Anti-law protesters took to the streets again in almost all major French cities, but in several places, such as Bordeaux, Montpellier and Lyon, the prefecture also banned movements in city centers, fearing disorder. There were also clashes in western Nantes, where two policemen were injured in a Molotov cocktail in a 3,000-strong protest.

The nationwide measure was originally announced by trade unions as traditionally the first Saturday in December to protest against increasing insecurity. However, the march was joined by police organizations that criticized police violence and the amendment to the National Security Law for several weeks. The latter had already brought masses to the streets last Saturday. In Paris, attempts were also made to disrupt the parade by anarchist protesters last Saturday, with 98 police officers injured in the clashes.

Following the series of protests last weekend, the majority of the French government indicated that it would rewrite and submit to another parliamentary debate an article of the national security bill that regulates the publication of photographs and recordings of members of the police in the course of your work.

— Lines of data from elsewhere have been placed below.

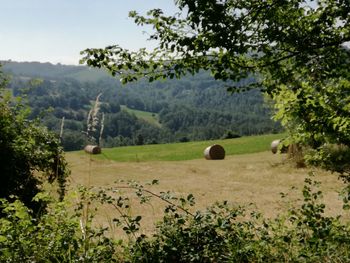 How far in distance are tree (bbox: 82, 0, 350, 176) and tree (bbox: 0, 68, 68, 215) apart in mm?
4280

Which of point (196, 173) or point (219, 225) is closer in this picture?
point (219, 225)

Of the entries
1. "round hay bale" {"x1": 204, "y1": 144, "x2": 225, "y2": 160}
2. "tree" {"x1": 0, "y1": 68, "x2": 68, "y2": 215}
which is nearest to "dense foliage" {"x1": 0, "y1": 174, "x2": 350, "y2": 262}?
"tree" {"x1": 0, "y1": 68, "x2": 68, "y2": 215}

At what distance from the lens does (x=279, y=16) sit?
559 cm

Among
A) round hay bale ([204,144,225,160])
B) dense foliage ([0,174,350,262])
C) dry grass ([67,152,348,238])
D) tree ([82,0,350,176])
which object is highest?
tree ([82,0,350,176])

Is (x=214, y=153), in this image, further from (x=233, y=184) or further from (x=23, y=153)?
(x=23, y=153)

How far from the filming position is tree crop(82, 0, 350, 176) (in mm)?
5242

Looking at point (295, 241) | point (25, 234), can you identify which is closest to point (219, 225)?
point (295, 241)

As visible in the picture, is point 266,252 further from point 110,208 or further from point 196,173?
point 196,173

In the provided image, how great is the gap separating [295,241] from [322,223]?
0.42 metres

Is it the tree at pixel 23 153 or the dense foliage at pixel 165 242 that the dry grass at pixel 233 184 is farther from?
the dense foliage at pixel 165 242

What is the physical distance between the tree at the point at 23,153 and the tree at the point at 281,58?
4.28 meters

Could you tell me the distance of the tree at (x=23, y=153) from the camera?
29.1ft

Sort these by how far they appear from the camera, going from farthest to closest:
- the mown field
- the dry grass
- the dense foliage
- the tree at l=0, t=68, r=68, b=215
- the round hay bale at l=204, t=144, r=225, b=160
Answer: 1. the round hay bale at l=204, t=144, r=225, b=160
2. the dry grass
3. the mown field
4. the tree at l=0, t=68, r=68, b=215
5. the dense foliage

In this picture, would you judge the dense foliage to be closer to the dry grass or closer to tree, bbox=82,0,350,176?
tree, bbox=82,0,350,176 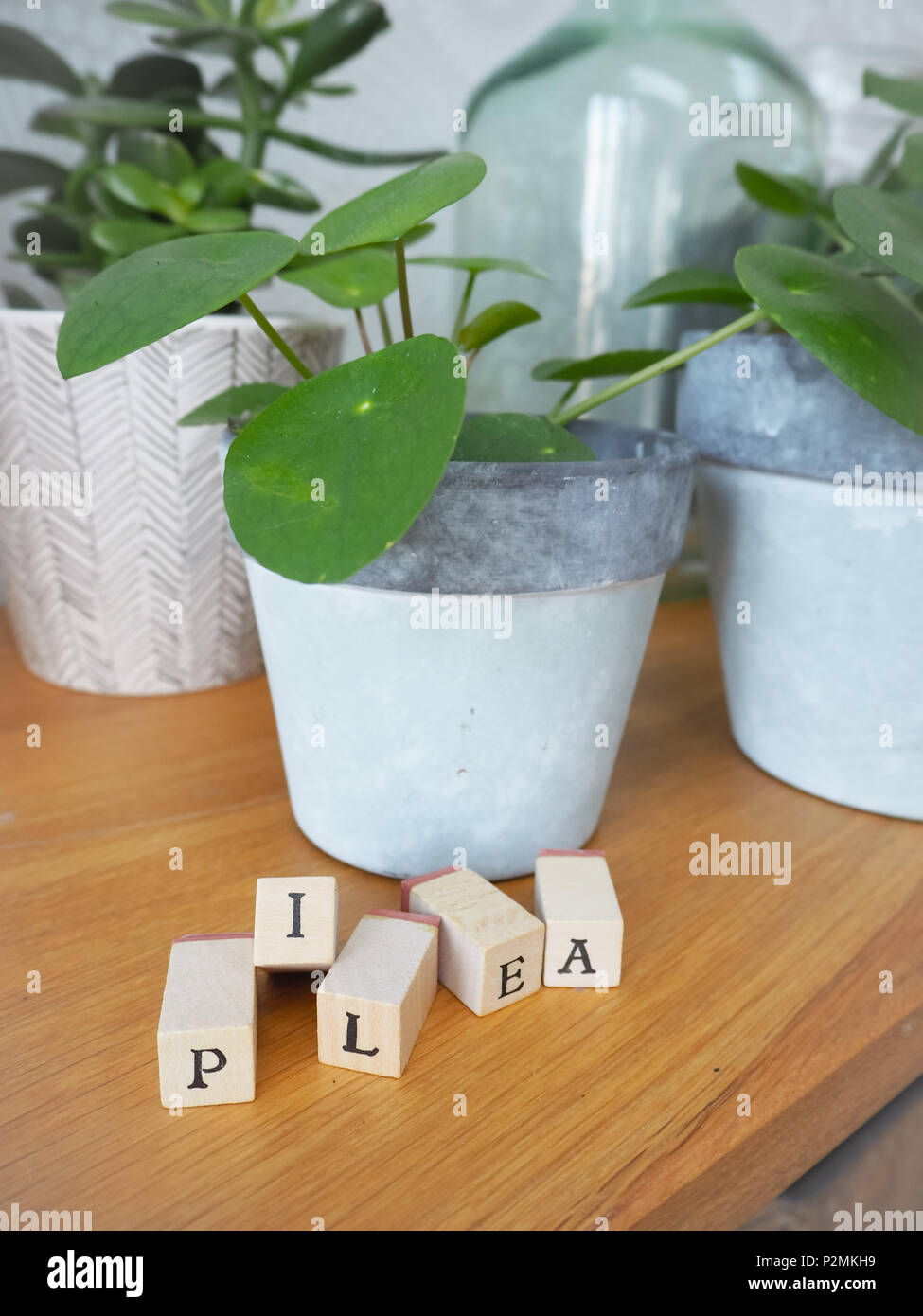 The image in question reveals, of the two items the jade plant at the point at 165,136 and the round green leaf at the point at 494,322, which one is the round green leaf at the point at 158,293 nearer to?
the round green leaf at the point at 494,322

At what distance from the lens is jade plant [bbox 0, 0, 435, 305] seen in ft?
2.23

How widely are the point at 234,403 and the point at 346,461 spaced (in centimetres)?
19

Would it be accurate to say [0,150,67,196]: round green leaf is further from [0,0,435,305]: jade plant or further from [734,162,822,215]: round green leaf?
[734,162,822,215]: round green leaf

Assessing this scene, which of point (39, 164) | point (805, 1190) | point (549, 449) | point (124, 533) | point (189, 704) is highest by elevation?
point (39, 164)

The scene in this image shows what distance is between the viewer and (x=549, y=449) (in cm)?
49

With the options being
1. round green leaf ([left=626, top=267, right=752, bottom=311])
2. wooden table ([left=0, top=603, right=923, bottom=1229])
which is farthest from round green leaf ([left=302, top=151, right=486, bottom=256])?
wooden table ([left=0, top=603, right=923, bottom=1229])

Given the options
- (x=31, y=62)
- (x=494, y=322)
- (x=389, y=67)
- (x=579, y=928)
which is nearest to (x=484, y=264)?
(x=494, y=322)

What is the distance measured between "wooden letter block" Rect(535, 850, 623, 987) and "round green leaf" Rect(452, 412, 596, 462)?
0.21m

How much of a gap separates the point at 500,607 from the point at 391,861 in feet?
0.52

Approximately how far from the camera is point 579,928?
46 cm

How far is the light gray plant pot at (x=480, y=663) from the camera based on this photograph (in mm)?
443

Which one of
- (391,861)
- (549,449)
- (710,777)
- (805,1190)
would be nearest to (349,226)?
(549,449)

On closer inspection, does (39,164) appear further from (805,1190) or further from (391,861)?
(805,1190) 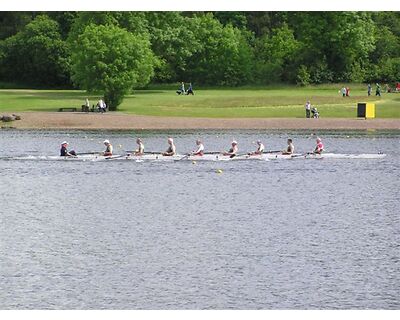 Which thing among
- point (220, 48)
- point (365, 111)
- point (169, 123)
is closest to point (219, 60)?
point (220, 48)

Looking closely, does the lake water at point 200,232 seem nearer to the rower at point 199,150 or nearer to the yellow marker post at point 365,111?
the rower at point 199,150

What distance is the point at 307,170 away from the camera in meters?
61.5

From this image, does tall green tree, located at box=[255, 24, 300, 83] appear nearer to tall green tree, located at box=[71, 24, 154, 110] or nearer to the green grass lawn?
the green grass lawn

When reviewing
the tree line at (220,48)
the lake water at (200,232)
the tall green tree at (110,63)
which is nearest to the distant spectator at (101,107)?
the tall green tree at (110,63)

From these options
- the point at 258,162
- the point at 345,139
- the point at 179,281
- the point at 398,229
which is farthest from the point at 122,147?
the point at 179,281

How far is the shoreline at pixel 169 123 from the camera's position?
81062mm

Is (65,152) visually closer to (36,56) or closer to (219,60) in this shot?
(36,56)

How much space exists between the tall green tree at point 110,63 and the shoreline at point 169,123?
511 cm

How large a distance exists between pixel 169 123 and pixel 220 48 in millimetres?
36498

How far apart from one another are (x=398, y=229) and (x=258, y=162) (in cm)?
2076

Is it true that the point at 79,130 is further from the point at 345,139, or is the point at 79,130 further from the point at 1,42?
the point at 1,42

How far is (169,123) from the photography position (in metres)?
82.3

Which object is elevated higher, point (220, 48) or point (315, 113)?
point (220, 48)

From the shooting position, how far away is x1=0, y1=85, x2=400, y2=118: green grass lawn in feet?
287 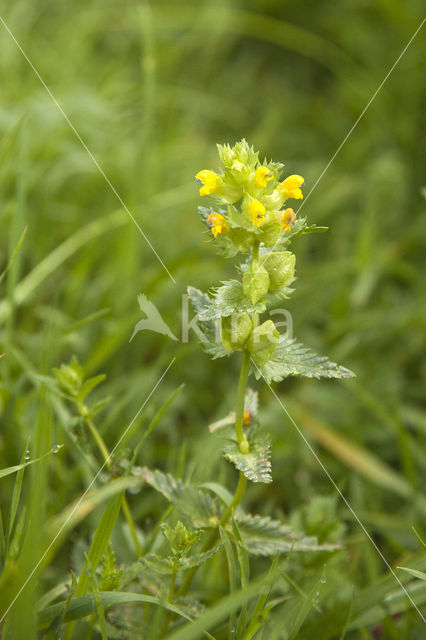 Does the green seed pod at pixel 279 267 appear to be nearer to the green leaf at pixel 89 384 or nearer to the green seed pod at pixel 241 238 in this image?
the green seed pod at pixel 241 238

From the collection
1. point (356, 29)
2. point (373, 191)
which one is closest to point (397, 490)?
point (373, 191)

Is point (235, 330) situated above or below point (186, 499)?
above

According to the government, the move is aimed at protecting police officers from hate speech on social media, examples of which were particularly evident during the yellow vest demonstrations last year. Although the regulation states that only disclosure in bad faith is punishable, critics say the amendment restricts freedom of the media and information about possible police abuses.

An example of the latter was the high-profile recording ten days ago, in which a black-skinned music producer, Michel Zecler, was kicked and beaten by police at the entrance to his studio. The prosecution opened an investigation against him on Monday for suspicion of intentional violence by an official and falsification of police records based on the recording of the surveillance cameras of the study.

French President Emmanuel Macron on Friday dismissed allegations that government measures are reducing freedoms in France.

I will not say that freedoms in France are diminishing, said the president on Friday in a live interview on the Brut internet portal, aimed mainly at young people, in which he rejected the accusation of anti-liberalism with the slogan “we are not Hungary.” According to him, France is painted in a caricature of the current debate. However, the head of state acknowledged the existence of police violence, which he clearly condemned. But he also condemned that police violence “has become a slogan for people with political intentions.” He stressed that violence against police officers, perpetrated by “completely savage” people, must also be condemned.

Police unions on Saturday expressed outrage that Emmanuel Macron had indicated that the state would launch a website in January where anyone could report if they suffered any discrimination. The president says that the fact that someone’s skin is not white is much more justified, identified as a problem factor and is unsustainable. Police unions have asked their colleagues not to justify anyone in their protest from now on.